## REQUIRED ACTION
Return the material below exactly, but only from the line with "Firefighter on a" through the line with "16 Pcs Shark", and without its pictures.

## GIVEN DATA
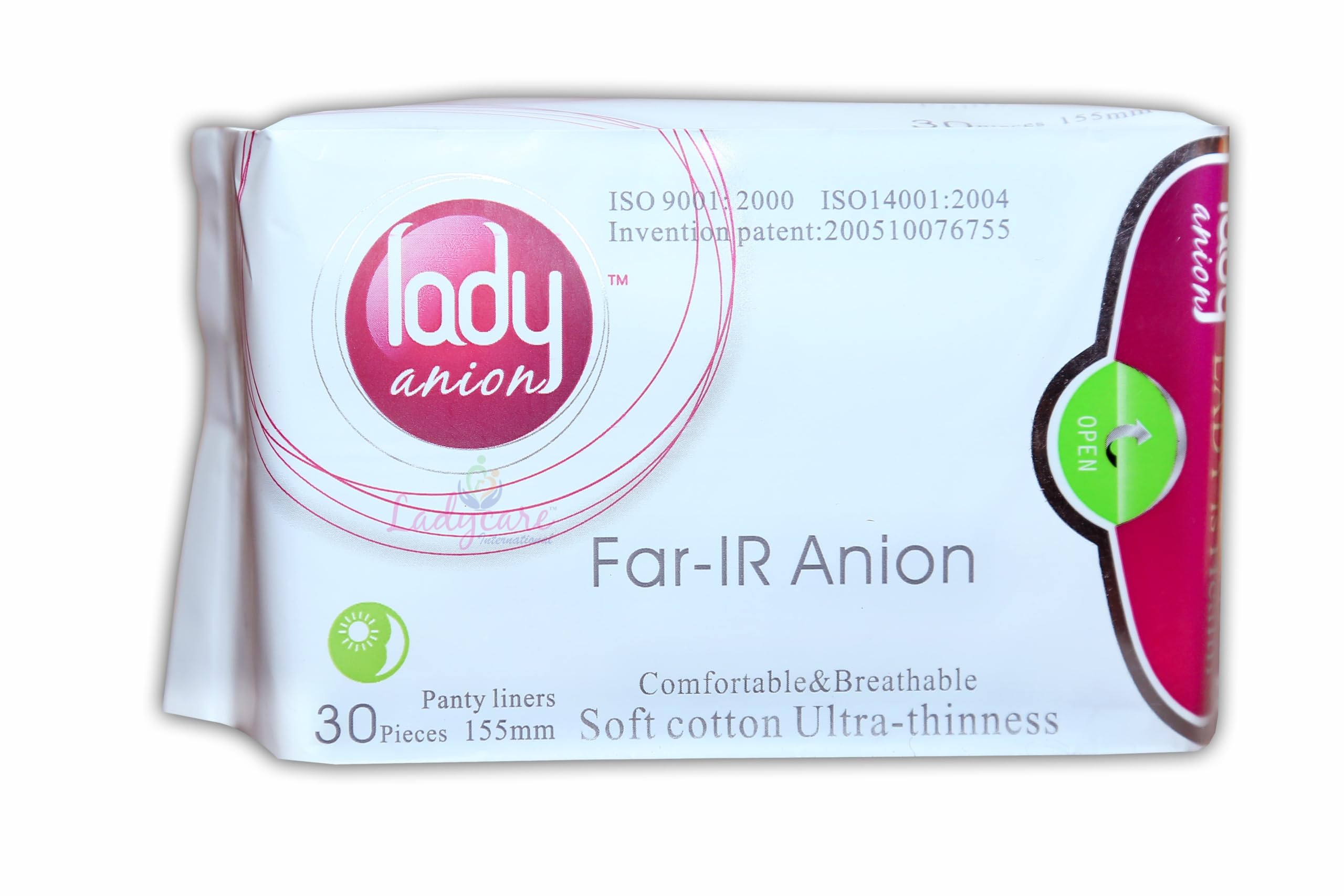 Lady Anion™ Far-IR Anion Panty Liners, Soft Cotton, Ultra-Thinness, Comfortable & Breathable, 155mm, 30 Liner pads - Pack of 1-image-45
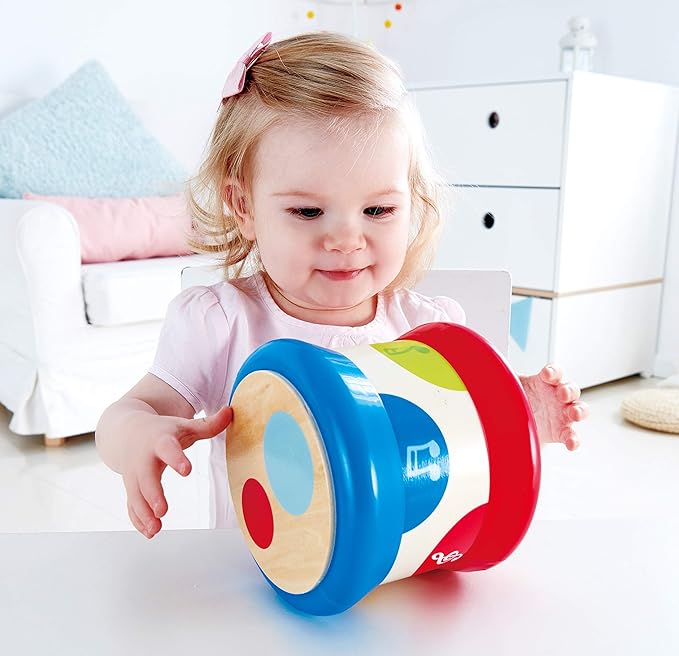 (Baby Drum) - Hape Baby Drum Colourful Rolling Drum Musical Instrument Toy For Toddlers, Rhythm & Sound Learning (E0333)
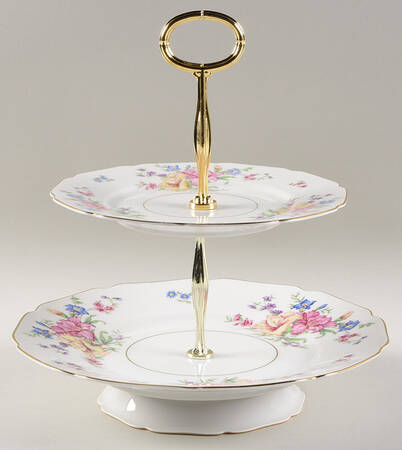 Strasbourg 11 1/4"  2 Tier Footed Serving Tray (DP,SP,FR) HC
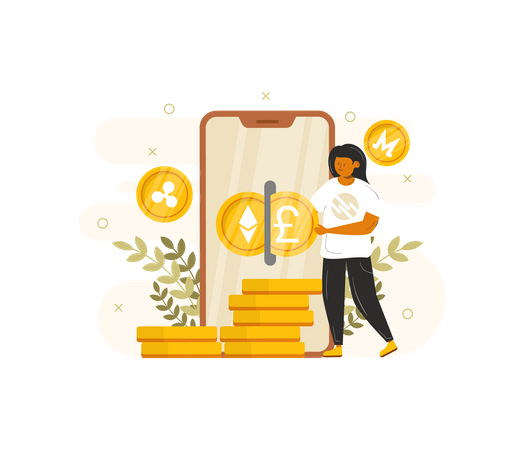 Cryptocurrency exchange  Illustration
* * *
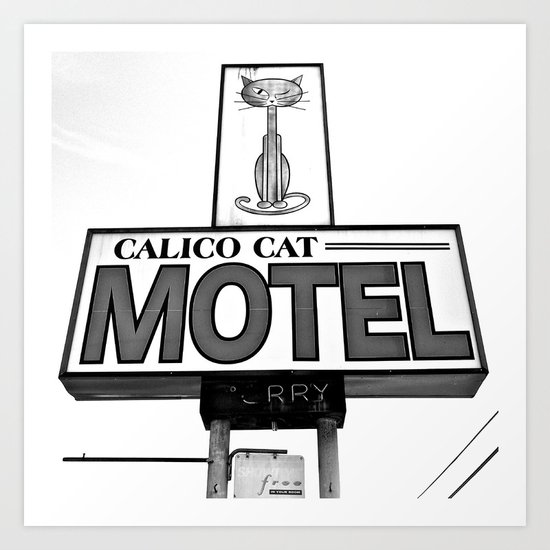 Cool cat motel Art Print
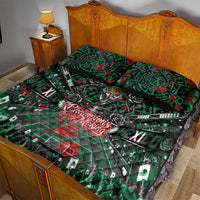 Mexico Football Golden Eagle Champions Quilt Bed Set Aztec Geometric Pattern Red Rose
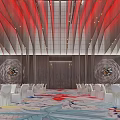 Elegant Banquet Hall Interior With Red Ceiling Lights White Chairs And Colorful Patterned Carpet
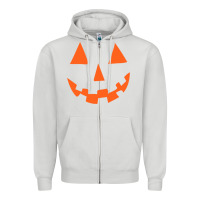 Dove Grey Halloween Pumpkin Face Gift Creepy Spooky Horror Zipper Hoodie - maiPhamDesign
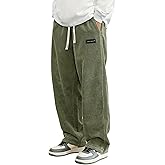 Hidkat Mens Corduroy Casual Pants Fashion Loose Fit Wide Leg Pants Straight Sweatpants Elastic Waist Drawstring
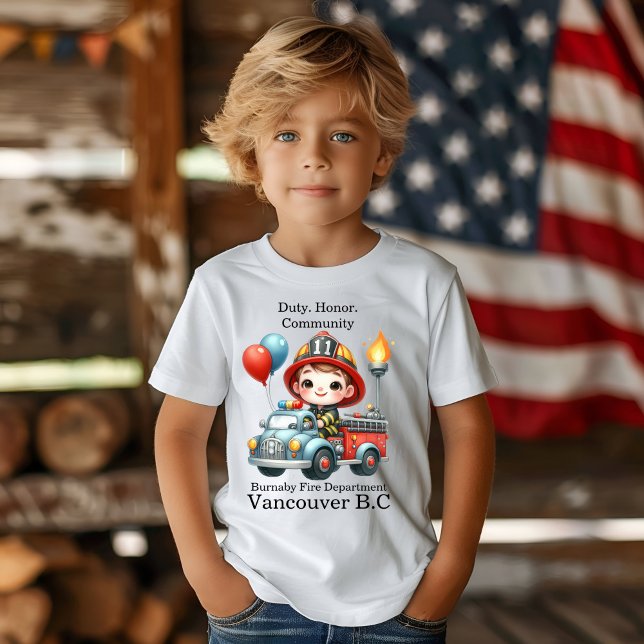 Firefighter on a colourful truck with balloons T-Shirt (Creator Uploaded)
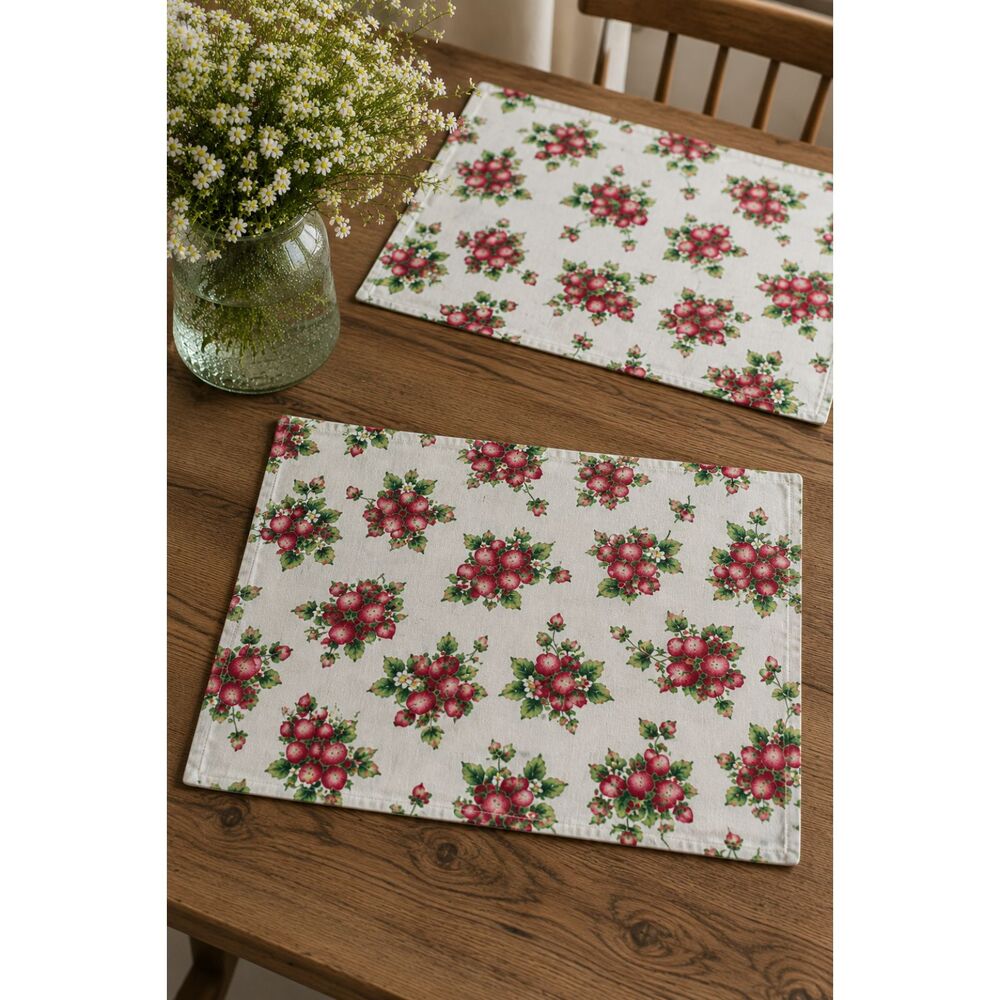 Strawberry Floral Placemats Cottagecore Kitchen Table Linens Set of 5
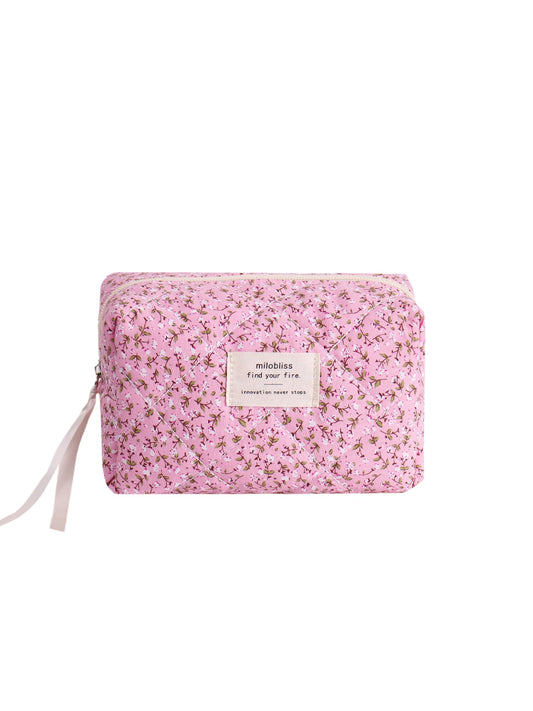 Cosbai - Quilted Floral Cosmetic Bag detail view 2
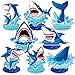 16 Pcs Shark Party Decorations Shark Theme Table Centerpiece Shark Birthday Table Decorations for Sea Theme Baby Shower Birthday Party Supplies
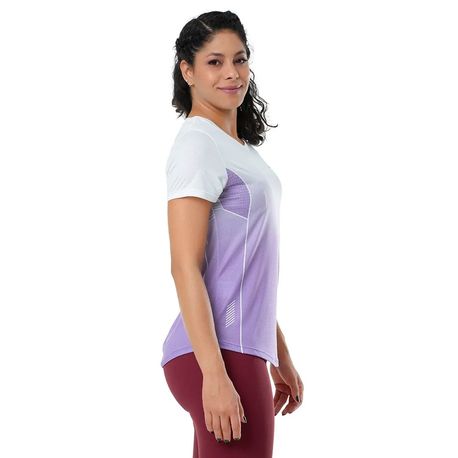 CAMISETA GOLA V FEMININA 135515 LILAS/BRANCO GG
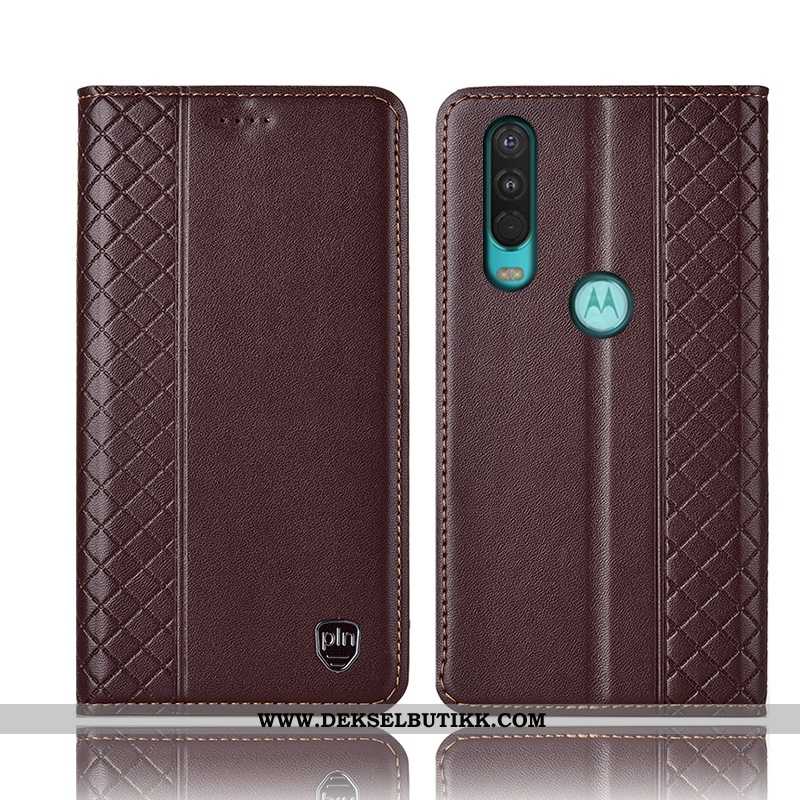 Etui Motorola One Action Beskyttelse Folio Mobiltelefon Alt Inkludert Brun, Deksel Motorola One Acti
* * *
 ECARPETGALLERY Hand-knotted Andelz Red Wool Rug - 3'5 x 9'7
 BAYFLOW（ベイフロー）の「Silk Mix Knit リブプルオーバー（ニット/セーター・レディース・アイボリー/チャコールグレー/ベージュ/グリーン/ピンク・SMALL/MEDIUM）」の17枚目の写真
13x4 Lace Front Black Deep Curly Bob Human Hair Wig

## TASK RESPONSE
 Firefighter on a colourful truck with balloons T-Shirt (Creator Uploaded)
 Strawberry Floral Placemats Cottagecore Kitchen Table Linens Set of 5
 Cosbai - Quilted Floral Cosmetic Bag detail view 2
 16 Pcs Shark Party Decorations Shark Theme Table Centerpiece Shark Birthday Table Decorations for Sea Theme Baby Shower Birthday Party Supplies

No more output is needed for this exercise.